Job Description
Software Engineer, Revenue Science
- Title of Role: Software Engineer, Revenue Science
- Location: remote
- Company Stage of Funding: Post-IPO Debt — Financial Services
- Office Type: Remote
- Salary: [To be confirmed with final candidates]
We're representing a pioneering AI-enabled lending marketplace that partners with financial institutions to enhance access to affordable credit. By leveraging non-traditional variables to assess creditworthiness, this company is reshaping how credit is priced and accessed, significantly expanding opportunities for underserved borrowers. Their innovative approach utilizes advanced data analysis and proactive borrower management to deliver a superior lending experience.
What You Will Do
- Design, build, and maintain scalable backend services and APIs that support capital markets and pricing operations.
- Develop and optimize data pipelines and event-driven architectures for real-time financial data processing.
- Collaborate with engineering, data science, and finance teams to enhance infrastructure that supports lending marketplace operations.

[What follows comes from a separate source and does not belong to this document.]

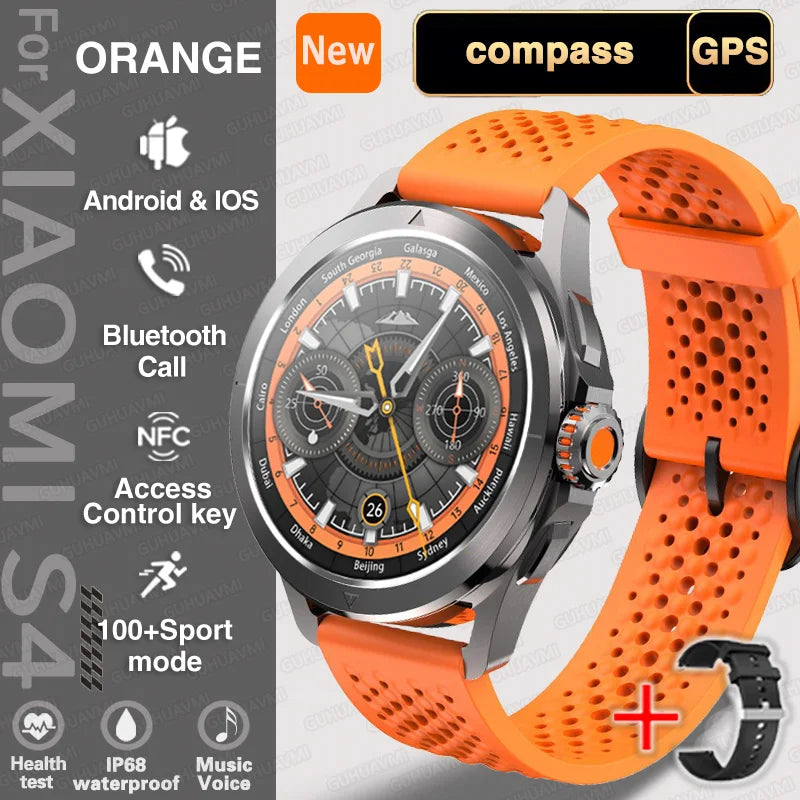 Para xiacompass omi s4 ultra esportes ao ar livre relógio inteligente masculino tela amoled nfc gps h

- Contribute to cloud-native system design and deployment across distributed environments.
- Work with SQL databases and data warehousing solutions to facilitate financial reporting and analytics.

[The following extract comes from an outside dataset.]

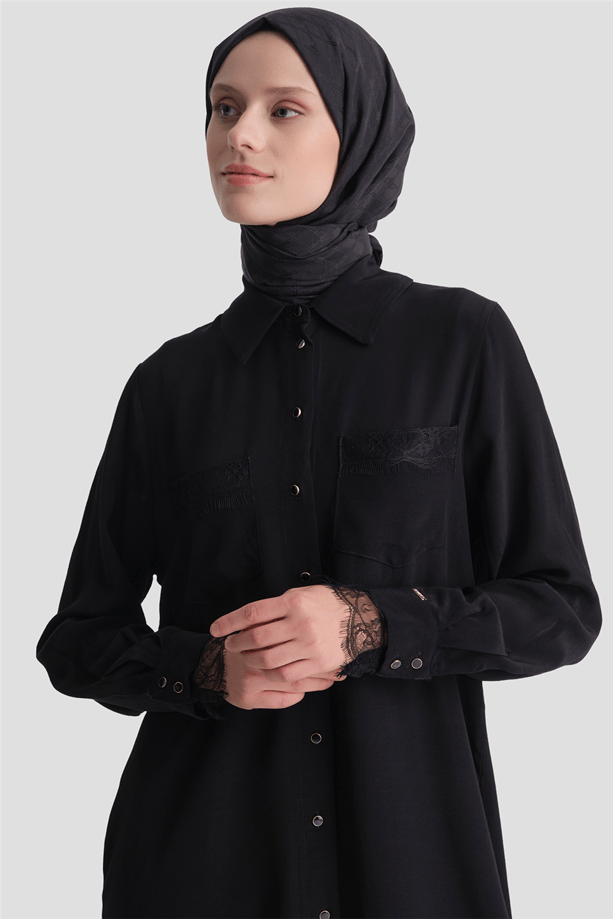 Dantel Detaylı Tunik Siyah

- Scale internal tooling and infrastructure to improve operational efficiency and visibility.
- Solve complex, real-world problems while ensuring high standards for reliability and performance.

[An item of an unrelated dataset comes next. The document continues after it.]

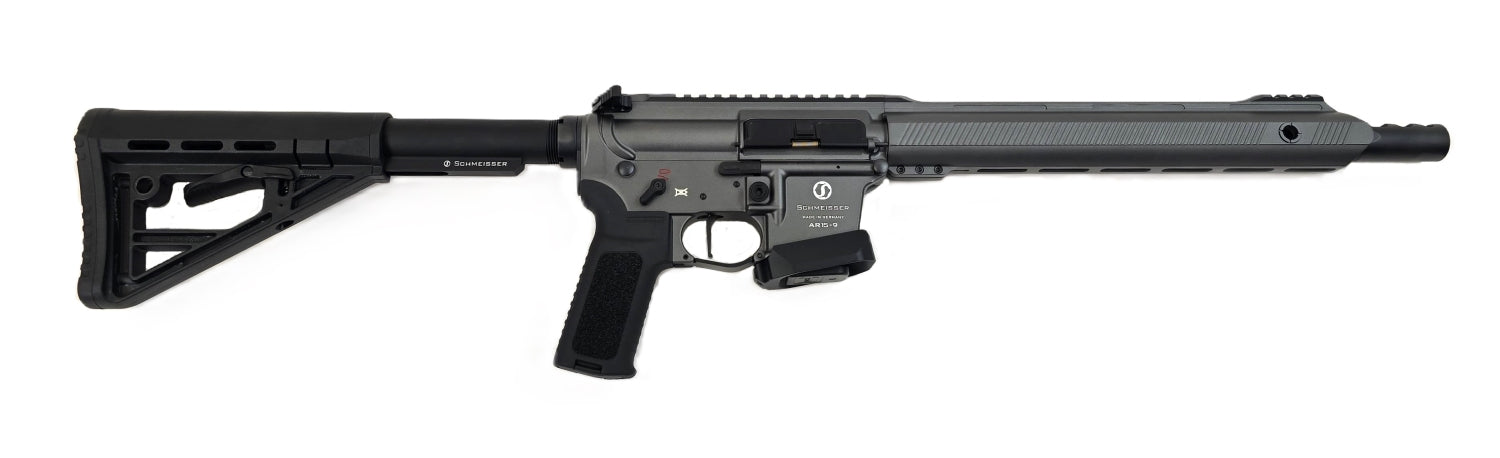 Schmeisser Gewehrlauf, Nahaufnahme, schwarz.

Ideal Candidate Background
- 3–5 years of professional software engineering experience with a backend focus.
- Proven experience with distributed systems, APIs, and event-driven architectures.
- Proficiency in Kotlin or Python, with strong SQL/Postgres expertise.
- Hands-on experience in cloud-native environments (AWS, GCP, or Azure).
- Experience building and maintaining real-time data pipelines or stream processing tools.
Preferred
- Background in fintech, particularly in capital markets, pricing systems, or financial operations.
- Experience integrating machine learning models into production systems.
- Interest in or experience with internal tooling or infrastructure.
Compensation and Benefits
This company offers a flexible, digital-first work environment with competitive compensation and innovative equity options designed to reward your contributions from day one.